Tuesday, August 29, 2017
Why Newspapers can
Help Fill in the Blanks
There is a no-man's-land for beginners starting out with their genealogical research. It's a time that stretches from the end of the most recently released census year—in our case, currently 1940—to the present day. Unless a new researcher happens to live in one of those states sporting total disregard for personal privacy, it's hard to come up with documentation for family members post-1940.
Of course, there are exceptions. Draft registration cards for World War II are one handy example, but that only helps for the men we're seeking—and then, only some of them. City directories sometimes provide hints, but unfortunately don't come with any clues to link "John Smith" with the rest of his family (other than, perhaps, a wife's name).
When I'm researching a more recent ancestor—someone in my family who lived and died before my arrival here on terra firma—my go-to place for research has always been historic newspaper collections.

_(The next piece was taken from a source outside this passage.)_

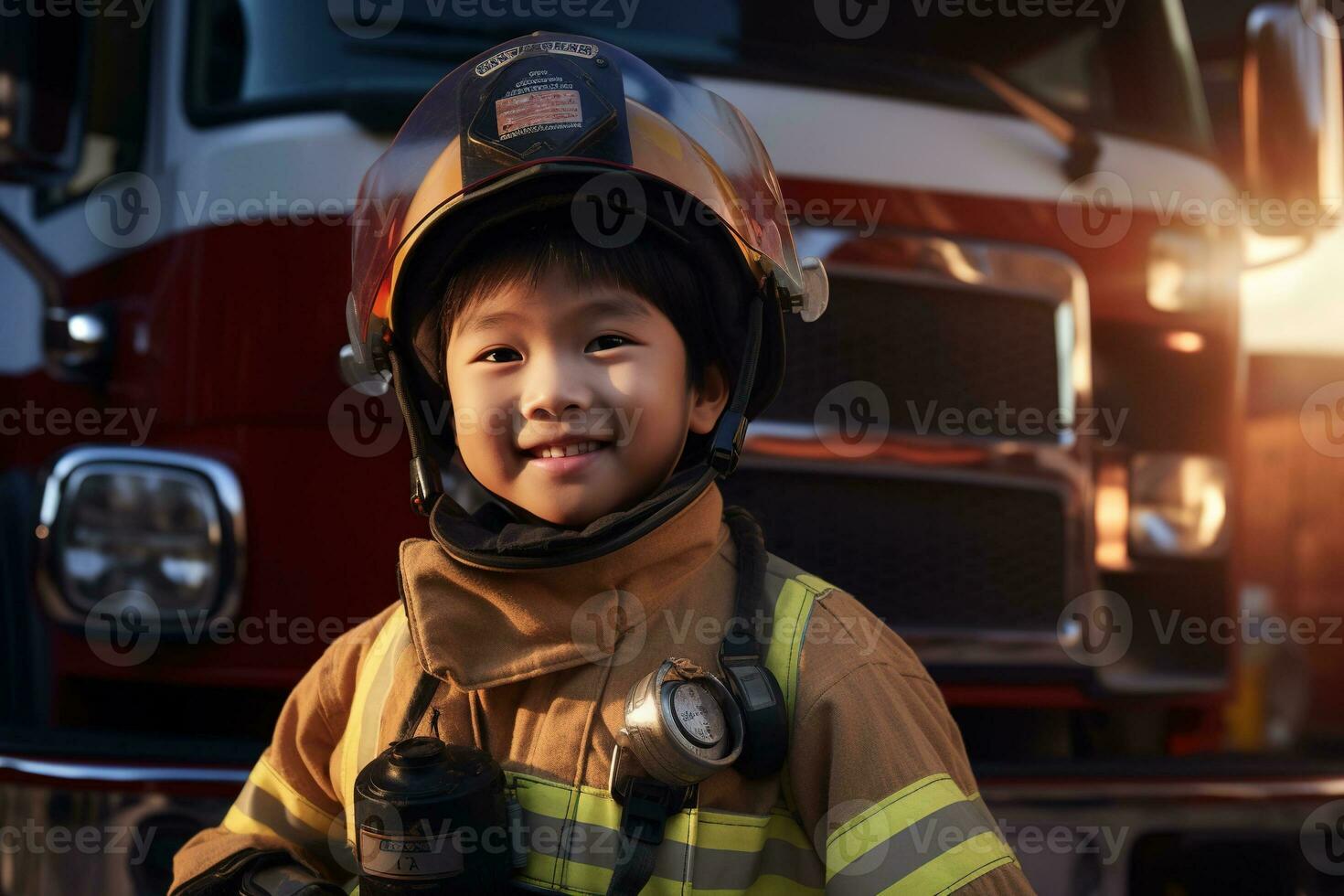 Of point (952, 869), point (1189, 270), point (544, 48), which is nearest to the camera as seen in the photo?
point (952, 869)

The frustrating thing about newspaper archives, though, is that there is not simply one place to go to find everything there is to find. I've even subscribed to a collection of newspapers, only to find that the specific publication—or even the specific date desired within an otherwise available publication—is not available on that subscription service.
There are two ways around that dilemma, of course. One is to shell out the bucks to subscribe to multiple newspaper services. That one can get pretty pricey, over the long haul.
The other answer is to discover the many outlets which provide digitized newspaper collections for free.
There is a wide assortment of resources for the savvy researcher wishing to locate near-modern ancestors in local news stories. The Library of Congress' Chronicling America collection comes to mind right away, as does the more-contrary Google News Archives resource. (To tame that search nightmare, I use Google to search keywords in specific publications, after entering the terms in quotes, "Google News Archives.")
For those appreciating a friendly guide through the free-newspapers universe, there is always Kenneth R. Marks' The Ancestor Hunt, providing search tutorials and clickable links to newspapers around the world.
There are many other resources, of course—the Wikipedia list of free online newspaper archives comes to mind here—but for filling in the blanks on my paternal side's extended family, my go-to resource will mostly be the quirky Old Fulton NY Postcards site. While the newspaper selections on this site obviously focus on resources from the state of New York, they have expanded far beyond those borders. The site is huge. To put that in perspective, by 2013, the website had grown to contain three times as much content as the Library of Congress' Chronicling America site.
For my puzzling paternal line—centered mostly in New York, once the family arrived from what is now a part of the country of Poland—this is the newspaper archive of choice for my research. The drudgery of it all, of course, is that I will have to systematically go through each cousin's name in the mid-twentieth century and earlier, searching to find any facts on births, marriages, funerals or other news items.
Just like the drudge work of adding each cousin's full details on names and vital statistics, this will take time—and patience. However, if just one or two leads provide me names for the subsequent generation, it will be worth it. I'd love to connect with distant cousins in this family line and ask them to consider taking a DNA test, or share their family photos, or just help confirm the BMD facts I've managed to scrounge up from other sources.
This, of course, will take lots of time. But being as prone as I am to wandering down rabbit trails, the news reports are an interesting divertissement for me. And if they provide an interesting story, all the better for these research efforts.